| PROMPT |
Your copy should match the entries below exactly, apart from the images.

Items listed in a dataset
────────────────────────────────────────

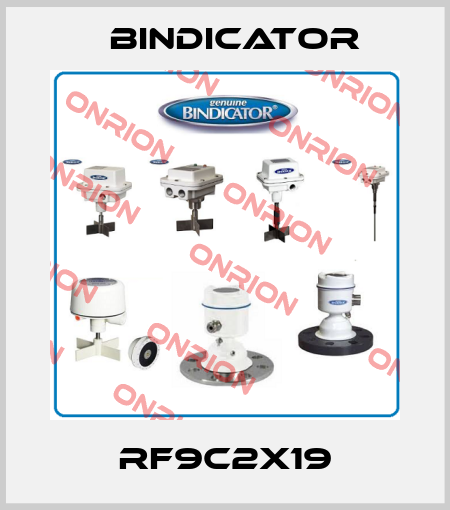 RF9C2X19 Bindicator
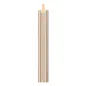 AGITATEURS CAFÉ EN SACHET OUVERTE WOOD 0,6x14x0,1 CM NATUREL BOIS (100 UNITÉ) AGITATEURS CAFÉ EN SACHET OUVERTE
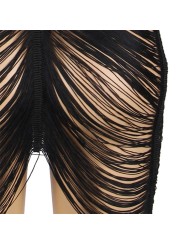 SUBBLIME - 954239 BANDJESJURK + ZWARTE TRUI L/XL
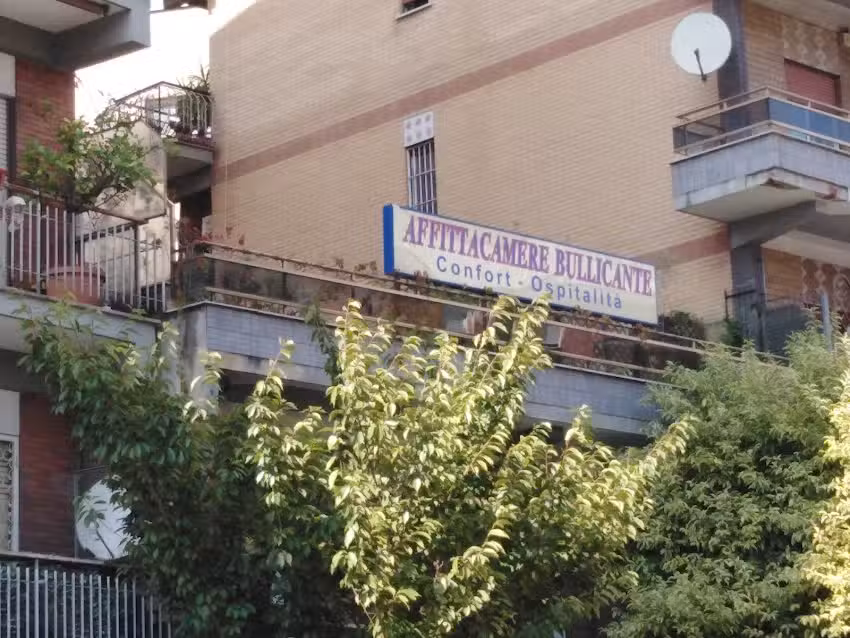 Affittacamere Bullicante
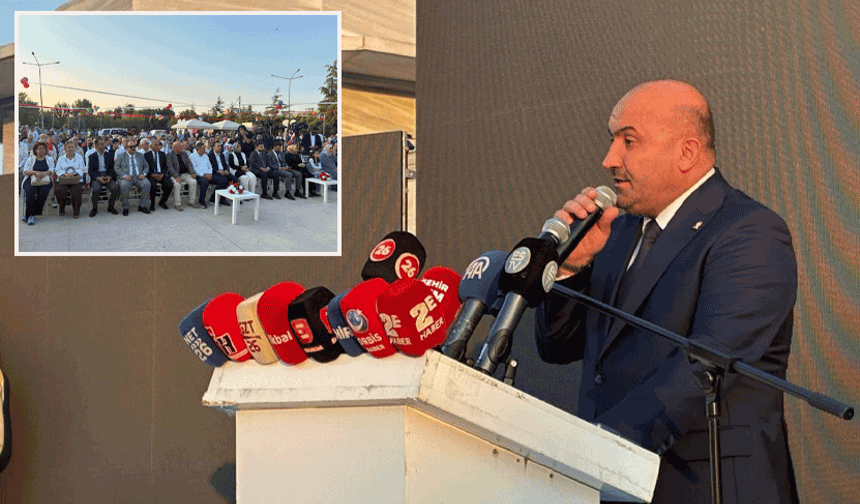Albayrak’tan 25. yıl mesajı: “İlk günkü kararlılıkla yolumuza devam ediyoruz”
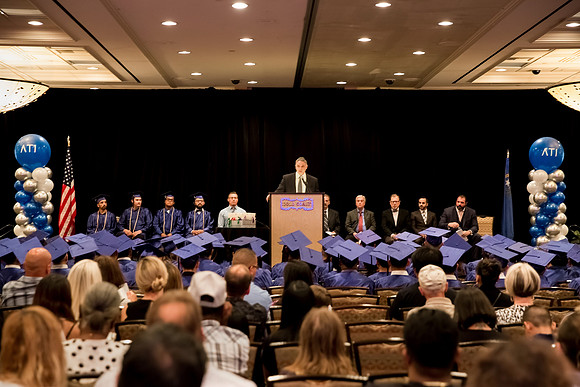 Graduation Ceremony Event Photography | Las Vegas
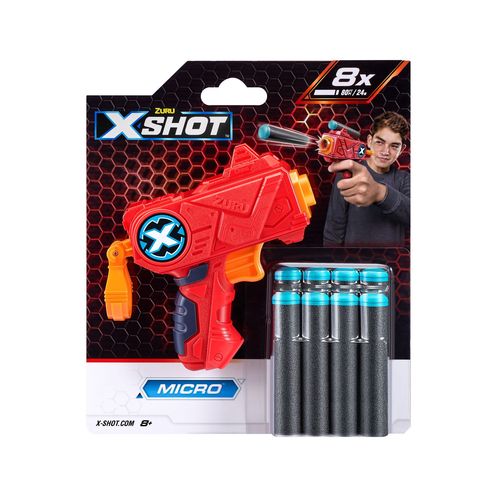 Xshot Excel Micro Pdq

────────────────────────────────────────

| RESPONSE TO THE EXERCISE |
 RF9C2X19 Bindicator
 AGITATEURS CAFÉ EN SACHET OUVERTE WOOD 0,6x14x0,1 CM NATUREL BOIS (100 UNITÉ) AGITATEURS CAFÉ EN SACHET OUVERTE
 SUBBLIME - 954239 BANDJESJURK + ZWARTE TRUI L/XL
 Affittacamere Bullicante
Albayrak’tan 25. yıl mesajı: “İlk günkü kararlılıkla yolumuza devam ediyoruz”
 Graduation Ceremony Event Photography | Las Vegas
 Xshot Excel Micro Pdq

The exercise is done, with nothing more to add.